Gilda Joyce, Psychic Investigator is the first book in the Gilda Joyce mystery series for children written by Jennifer Allison. Gilda Joyce, Psychic Investigator was published by Dutton Children's Books. There are three books in the series: Gilda Joyce: Psychic Investigator; Gilda Joyce: The Ladies of the Lake; and Gilda Joyce: The Ghost Sonata.

==Synopsis==
Gilda Joyce is a spunky, 13-year-old that wants to be a psychic investigator. She (and her not so enthusiastic friend) start an investigation. They go around town spying on people. Gilda lives in Detroit with her mother, and older brother, Stephen, as her father died of illness two years ago.

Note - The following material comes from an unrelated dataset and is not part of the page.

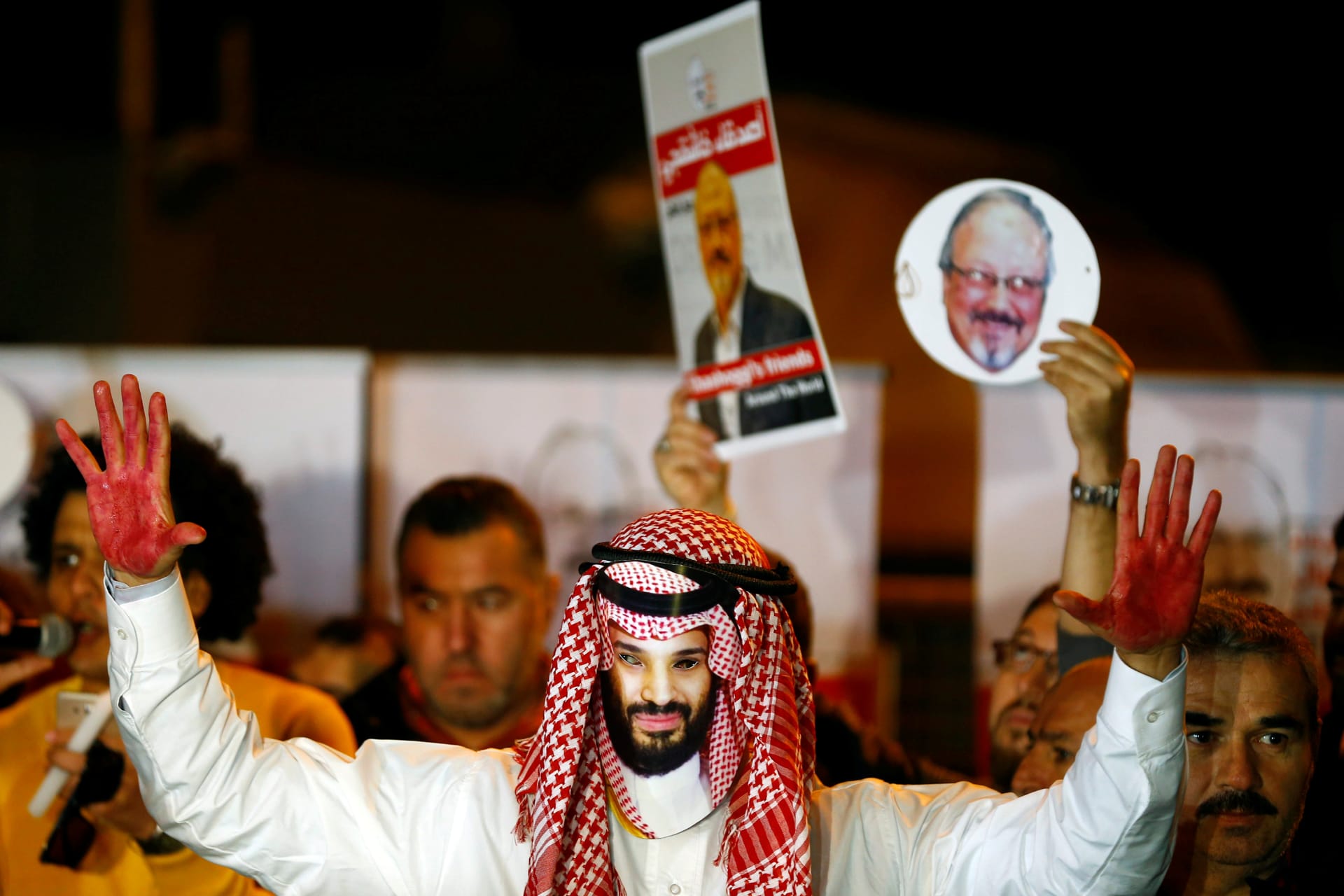 <p>A demonstrator wearing a mask of Saudi Crown Prince Mohammed bin Salman attends a protest outside the Saudi Arabia consulate in Istanbul, Turkey October 25, 2018.</p>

Before his death, he told Gilda that she should have his typewriter, saying that "it's a magic typewriter," so Gilda keeps it with her as much as possible and tries to incorporate it into her psychic investigations, such as for Automatic Writing. After Gilda, following her instinct, lies to her class and teacher saying that she is going to San Francisco for the summer. She looks into ways of getting to San Francisco for the summer, so that her bluff wouldn't actually have been a lie. She soon learns of her uncle, Lester Splinter, her mother's second cousin and a stranger to the family, whose sister, Melanie Splinter, met her death through a suicide jump from the top of a tower in the Splinters' own backyard. Thrilled at this opportunity for investigation into Melanie's death, Gilda quickly writes a letter to Mr. Splinter introducing herself and requesting that she be allowed to stay at his house for the summer. The letter, upon its arrival in San Francisco, is found by Mr. Splinter's assistant, Summer, who finds Gilda very intriguing and writes back inviting Gilda to stay, and providing airline fare for her. Meanwhile, Juliet Splinter, Lester Splinter's 13-year-old daughter, is bedridden with a broken rib and a twisted ankle. Juliet, having come home from ballet class one day, was considering swallowing some of her father's sleeping pills when she seemed to see Aunt Melanie standing at the top of the staircase she was climbing, causing her to faint and fall down the stairs. When Gilda arrives in San Francisco to find that the sunny, warm paradise she had pictured was covered with fog during the summer so the mansion she will be staying in is hardly a place of fun and that her only company of her age group will be Juliet Splinter, Mr. Splinter's petite, unsociable, sadistic daughter who is currently recovering from an "accident" which makes her enthusiasm dampen slightly. But soon, through a little investigation, Gilda and Juliet become unlikely partners on their mission to uncover what really happened to Melanie Splinter. Together, they complete the mystery all and all, and Gilda is sent back to her regular life.